The new directive on oil stocks seeks to update legislation dating from 1968 by aligning EU practice with that of the International Energy Agency (IEA), of which some member states are not members.
The European Commission proposed a directive on minimum crude oil and petroleum stocks as a part of its Second Strategic Review in November 2008, in an attempt to improve the bloc’s security of supply.
The Russia-Ukraine gas crisis in January sped up the legislative process after massive gas supply disruptions in the wake of the Russia-Ukraine dispute in January, which demonstrated the value of effective emergency strategies (EURACTIV 19/02/09).
The new directive will not represent a huge departure from the IEA’s current 90-day practice. However, it requires that at least 30 days’ worth of the emergency stocks must be in the form of refined products, effectively forcing member states to vary their stocks according to national consumption patterns.
The original Commission proposal of November 2008 foresaw an obligation for governments to report on the level of commercial oil stocks on a weekly basis, but energy ministers softened this to a monthly obligation.
Member states also strongly opposed increasing the Commission’s power over releasing stocks in emergency situations, upholding national sovereignty over such decisions.
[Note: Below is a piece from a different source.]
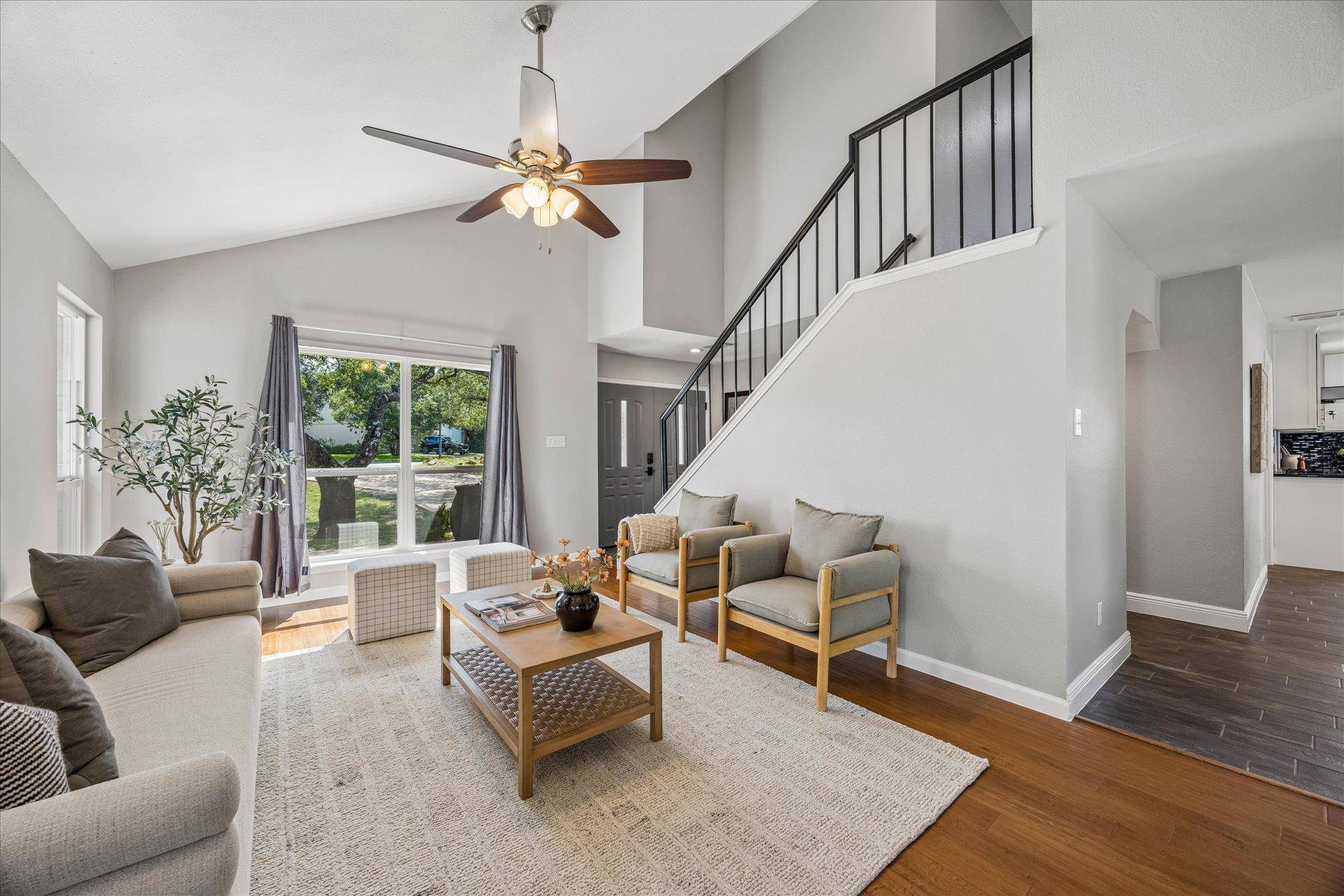 7905 & 7907 Tiffany DR, Austin, TX 78749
The EU executive wanted the right to “require” member states to release stocks in the event of an International Energy Agency (IEA) decision, but can now merely recommend them to do so.
“Whilst the Council did not retain some elements of our original proposal, I’m satisfied that the new legislation will bring the EU system of oil stocks closer to current international practices and strengthen the Community’s capacity to use the stocks effectively, so as to minimise the negative effect on consumers in case of a supply crisis,” said Energy Commissioner Andris Piebalgs.